Girard adds that you should skip your normal exercise routine when you've got a cold. In fact, he says, if you're feeling pretty bad, you should just head for bed.
"I usually recommend people stay indoors and stay warm when they have a cold" says Girard. If nothing else, staying warm may make you feel more comfortable, especially if you have a fever.
Use a saltwater wash.
The inflammation and swelling in the nose during a cold is caused by molecules called cytokines, or lymphokines, which are made by the lymphocytes, explains Stephen R. Jones, M.D., chief of medicine at Good Samaritan Hospital and Medical Center in Portland, Oregon. "Recent evidence has shown that if we can wash out those cytokines, it reduces the swelling and fluid production." Jones recommends filling a clean nasal-spray bottle with dilute salt water (one level teaspoon salt to one quart water) and spraying each nostril three or four times. Repeat five to six times per day.

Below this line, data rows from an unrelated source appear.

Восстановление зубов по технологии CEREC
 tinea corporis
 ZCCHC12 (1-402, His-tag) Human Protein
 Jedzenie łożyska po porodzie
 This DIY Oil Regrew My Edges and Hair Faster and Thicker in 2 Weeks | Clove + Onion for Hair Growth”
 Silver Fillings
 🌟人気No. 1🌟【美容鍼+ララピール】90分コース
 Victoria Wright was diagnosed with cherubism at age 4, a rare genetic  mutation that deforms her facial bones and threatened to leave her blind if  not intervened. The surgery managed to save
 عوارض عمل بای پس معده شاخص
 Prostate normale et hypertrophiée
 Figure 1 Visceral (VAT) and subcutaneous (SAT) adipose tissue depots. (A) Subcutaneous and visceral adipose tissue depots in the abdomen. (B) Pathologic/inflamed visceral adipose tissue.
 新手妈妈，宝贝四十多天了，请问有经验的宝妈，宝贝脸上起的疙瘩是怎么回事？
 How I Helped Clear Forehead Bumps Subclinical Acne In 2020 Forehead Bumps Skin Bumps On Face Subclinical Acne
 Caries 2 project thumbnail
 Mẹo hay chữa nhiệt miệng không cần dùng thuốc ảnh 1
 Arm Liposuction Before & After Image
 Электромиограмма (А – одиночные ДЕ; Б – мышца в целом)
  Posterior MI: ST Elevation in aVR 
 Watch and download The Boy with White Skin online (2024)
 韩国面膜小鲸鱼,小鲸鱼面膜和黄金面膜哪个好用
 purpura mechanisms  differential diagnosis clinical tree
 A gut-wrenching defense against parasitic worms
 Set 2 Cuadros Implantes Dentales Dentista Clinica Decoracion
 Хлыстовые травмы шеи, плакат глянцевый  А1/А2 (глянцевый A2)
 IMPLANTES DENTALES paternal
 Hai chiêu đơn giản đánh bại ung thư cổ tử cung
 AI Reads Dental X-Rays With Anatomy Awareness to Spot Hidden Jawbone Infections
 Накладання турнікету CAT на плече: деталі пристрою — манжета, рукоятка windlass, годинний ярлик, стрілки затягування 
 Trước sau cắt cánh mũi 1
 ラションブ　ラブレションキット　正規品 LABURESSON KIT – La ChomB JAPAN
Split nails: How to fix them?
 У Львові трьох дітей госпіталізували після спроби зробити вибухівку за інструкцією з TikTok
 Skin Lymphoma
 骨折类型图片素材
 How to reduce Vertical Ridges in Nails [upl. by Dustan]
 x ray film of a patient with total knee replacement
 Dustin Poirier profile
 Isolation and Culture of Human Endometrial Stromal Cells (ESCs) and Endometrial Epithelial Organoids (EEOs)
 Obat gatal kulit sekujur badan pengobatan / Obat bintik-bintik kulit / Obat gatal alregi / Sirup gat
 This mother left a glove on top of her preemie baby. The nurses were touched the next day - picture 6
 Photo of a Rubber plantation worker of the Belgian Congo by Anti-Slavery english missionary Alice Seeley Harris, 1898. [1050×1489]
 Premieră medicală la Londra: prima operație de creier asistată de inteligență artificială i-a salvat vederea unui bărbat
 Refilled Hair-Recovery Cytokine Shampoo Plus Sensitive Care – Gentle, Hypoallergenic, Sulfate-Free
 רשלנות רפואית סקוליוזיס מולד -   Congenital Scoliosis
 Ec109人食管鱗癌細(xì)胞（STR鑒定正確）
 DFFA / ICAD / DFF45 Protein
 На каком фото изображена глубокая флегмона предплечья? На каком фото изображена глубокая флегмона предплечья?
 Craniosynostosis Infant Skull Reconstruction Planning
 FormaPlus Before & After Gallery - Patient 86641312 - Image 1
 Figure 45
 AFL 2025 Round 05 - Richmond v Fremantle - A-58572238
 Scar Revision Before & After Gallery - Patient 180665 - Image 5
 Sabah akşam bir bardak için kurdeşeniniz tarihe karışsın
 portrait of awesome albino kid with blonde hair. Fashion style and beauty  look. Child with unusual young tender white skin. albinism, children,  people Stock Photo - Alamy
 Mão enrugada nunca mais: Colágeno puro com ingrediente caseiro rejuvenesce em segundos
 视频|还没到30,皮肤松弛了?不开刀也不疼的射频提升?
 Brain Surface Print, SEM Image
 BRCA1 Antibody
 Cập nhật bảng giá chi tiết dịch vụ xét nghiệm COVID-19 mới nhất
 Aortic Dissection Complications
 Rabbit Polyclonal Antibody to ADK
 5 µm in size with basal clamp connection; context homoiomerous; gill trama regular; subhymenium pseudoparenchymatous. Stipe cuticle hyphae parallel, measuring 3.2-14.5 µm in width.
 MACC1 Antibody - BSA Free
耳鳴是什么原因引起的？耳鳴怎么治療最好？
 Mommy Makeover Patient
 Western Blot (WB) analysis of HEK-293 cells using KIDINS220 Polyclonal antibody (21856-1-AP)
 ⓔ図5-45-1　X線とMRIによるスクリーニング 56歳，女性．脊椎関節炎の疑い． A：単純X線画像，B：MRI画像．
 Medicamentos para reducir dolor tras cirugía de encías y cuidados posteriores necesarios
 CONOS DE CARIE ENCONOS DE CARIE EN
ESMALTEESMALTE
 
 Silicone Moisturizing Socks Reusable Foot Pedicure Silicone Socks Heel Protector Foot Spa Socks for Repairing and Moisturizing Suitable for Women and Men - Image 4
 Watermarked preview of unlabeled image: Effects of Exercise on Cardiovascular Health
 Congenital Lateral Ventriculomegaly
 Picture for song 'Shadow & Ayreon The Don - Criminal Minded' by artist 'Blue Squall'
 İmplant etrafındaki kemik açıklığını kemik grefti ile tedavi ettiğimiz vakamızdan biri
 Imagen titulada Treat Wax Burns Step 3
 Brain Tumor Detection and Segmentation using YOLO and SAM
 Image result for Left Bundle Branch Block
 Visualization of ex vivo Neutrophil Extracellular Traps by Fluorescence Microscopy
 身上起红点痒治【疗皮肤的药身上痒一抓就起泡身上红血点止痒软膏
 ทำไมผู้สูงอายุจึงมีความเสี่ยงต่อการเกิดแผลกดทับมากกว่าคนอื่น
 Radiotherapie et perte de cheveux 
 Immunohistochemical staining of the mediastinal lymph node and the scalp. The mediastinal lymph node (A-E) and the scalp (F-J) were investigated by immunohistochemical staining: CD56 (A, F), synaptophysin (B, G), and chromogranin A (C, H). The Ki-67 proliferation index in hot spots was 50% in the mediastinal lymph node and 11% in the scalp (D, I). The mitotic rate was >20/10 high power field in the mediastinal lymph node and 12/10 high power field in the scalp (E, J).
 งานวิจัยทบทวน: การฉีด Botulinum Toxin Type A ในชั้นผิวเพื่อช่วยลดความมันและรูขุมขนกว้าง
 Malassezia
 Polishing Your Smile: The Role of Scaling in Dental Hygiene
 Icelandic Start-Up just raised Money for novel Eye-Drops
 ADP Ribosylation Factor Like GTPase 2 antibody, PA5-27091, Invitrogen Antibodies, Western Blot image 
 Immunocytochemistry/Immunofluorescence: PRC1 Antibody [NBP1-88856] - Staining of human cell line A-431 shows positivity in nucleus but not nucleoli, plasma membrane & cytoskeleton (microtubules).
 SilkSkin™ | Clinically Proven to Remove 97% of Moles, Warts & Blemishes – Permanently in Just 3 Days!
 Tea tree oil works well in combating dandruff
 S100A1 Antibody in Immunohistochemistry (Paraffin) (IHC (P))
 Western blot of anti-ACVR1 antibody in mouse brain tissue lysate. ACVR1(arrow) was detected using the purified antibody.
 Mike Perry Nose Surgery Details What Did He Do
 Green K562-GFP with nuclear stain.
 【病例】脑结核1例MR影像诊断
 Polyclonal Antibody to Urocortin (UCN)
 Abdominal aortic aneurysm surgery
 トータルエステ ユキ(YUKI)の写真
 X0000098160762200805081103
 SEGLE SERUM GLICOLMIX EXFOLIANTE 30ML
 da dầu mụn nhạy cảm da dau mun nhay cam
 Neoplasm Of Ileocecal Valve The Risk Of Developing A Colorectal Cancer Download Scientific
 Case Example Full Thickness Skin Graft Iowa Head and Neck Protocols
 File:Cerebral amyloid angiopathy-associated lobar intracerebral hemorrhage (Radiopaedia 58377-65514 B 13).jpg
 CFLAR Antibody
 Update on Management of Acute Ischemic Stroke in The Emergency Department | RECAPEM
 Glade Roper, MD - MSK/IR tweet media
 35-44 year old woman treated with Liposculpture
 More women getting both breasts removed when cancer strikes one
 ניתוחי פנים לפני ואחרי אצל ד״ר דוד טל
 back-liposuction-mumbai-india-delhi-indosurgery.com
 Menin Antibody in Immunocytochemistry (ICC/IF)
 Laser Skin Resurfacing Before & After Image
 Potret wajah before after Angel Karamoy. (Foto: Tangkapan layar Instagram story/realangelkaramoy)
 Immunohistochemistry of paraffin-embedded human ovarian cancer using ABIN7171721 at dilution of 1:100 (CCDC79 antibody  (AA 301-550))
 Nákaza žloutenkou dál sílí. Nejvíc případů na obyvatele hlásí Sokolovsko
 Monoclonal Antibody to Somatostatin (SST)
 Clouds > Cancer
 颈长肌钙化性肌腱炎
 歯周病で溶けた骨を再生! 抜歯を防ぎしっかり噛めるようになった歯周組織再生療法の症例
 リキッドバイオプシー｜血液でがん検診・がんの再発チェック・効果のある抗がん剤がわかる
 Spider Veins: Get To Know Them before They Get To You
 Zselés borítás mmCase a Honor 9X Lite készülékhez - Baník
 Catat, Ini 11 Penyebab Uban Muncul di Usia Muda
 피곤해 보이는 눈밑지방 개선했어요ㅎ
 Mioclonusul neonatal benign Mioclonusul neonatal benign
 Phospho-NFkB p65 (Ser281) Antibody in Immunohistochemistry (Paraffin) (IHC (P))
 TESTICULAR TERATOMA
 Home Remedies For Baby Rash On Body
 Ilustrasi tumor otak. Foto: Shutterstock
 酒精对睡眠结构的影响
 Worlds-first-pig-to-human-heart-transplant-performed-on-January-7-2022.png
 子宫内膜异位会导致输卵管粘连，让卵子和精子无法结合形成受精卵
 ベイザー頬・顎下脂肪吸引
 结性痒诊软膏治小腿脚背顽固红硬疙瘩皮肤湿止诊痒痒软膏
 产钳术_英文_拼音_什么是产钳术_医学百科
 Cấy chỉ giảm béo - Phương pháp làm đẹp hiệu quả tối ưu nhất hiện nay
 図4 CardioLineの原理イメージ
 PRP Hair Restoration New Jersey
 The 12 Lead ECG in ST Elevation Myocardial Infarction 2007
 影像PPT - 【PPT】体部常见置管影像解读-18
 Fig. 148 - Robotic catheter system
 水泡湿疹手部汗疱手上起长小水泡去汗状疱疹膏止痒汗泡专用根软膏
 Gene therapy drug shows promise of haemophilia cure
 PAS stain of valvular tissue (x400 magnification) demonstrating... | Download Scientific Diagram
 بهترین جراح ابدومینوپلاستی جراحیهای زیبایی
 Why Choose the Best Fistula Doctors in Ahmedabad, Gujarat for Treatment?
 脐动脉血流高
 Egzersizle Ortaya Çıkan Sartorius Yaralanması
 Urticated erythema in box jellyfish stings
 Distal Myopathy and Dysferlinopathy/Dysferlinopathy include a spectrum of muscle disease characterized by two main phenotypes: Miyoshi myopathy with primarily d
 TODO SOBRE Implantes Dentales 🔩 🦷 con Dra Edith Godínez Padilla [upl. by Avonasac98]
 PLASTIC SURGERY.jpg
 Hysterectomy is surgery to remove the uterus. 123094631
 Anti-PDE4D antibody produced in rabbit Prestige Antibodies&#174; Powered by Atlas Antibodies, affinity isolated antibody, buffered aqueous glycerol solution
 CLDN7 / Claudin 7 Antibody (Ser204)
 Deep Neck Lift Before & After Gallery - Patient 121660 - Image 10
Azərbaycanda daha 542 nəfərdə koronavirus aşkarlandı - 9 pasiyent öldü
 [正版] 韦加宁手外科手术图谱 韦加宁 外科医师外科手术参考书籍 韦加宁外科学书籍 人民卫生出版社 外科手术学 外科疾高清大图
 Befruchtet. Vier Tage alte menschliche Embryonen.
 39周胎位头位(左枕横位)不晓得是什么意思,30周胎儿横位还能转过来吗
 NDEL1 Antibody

Girard says gargling with warm salt water (a quarter teaspoon salt in four ounces warm water) every one to two hours can soothe your sore throat. "Salt water is an astringent that is very soothing to the inflamed tissues, and it tends to loosen mucus," he says.
Consider vitamin C.
Although studies suggest that vitamin C may boost the body's immune system, the use of this vitamin in treating colds is still controversial. Many physicians don't recommend vitamin C as a cold remedy. Others, including cold researcher Elliot Dick, Ph.D., chief of the Respiratory Virus Research Laboratory at the University of Wisconsin-Madison, have found that taking 2,000 milligrams or more of vitamin C daily can lessen the severity of cold symptoms.
If you do decide to try boosting your vitamin C intake during a cold, don't overdo it. While vitamin C has been found to be relatively safe at doses of up to 10,000 milligrams per day, some people find vitamin C causes diarrhea at or above the 10,000-milligram level. Perhaps the safest way to get more vitamin C is to choose vitamin C-rich foods more often. For example, since you'll need to increase your fluid intake while you have a cold, fill some of that requirement with orange juice.
The steam from a vaporizer can loosen mucus, especially if the sputum is thick, says Girard. It may also raise the humidity in the immediate area slightly, which may make you feel more comfortable.
"Smokers have colds longer in duration than nonsmokers," says Gilbert. "If you chronically irritate the bronchial tubes while you have a cold, you're more likely to develop a complication like pneumonia."
In addition to irritating the throat and bronchial tubes, smoking has been shown to depress the immune system. Since you have to depend on your own immune system rather than medicine to cure a cold, you'll want it to be in the best condition possible to wage the "cold" war.
Stay away from "hot toddies.
"While a hot alcoholic beverage might sound good when you're feeling achy and stuffy, Gilbert says it increases mucous membrane congestion. "If you want to minimize your discomfort," he says, "stay away from alcohol."
Maintain a positive attitude.
Although mind-body science is in its infancy, some researchers suggest that a positive I-can-beat-this-cold attitude may actually stimulate the immune system. "If you give up, so does your immune system," says Castleman. "Buoyancy and self-confidence help rev up the immune system or at least keep it from collapsing while it fights your cold."
Jones isn't as convinced about the connection between the mind and the immune system. He says the evidence directly linking one's thoughts with immunity is "interesting, but inconclusive." But, he admits, "a positive attitude is always best and certainly couldn't hurt your cold".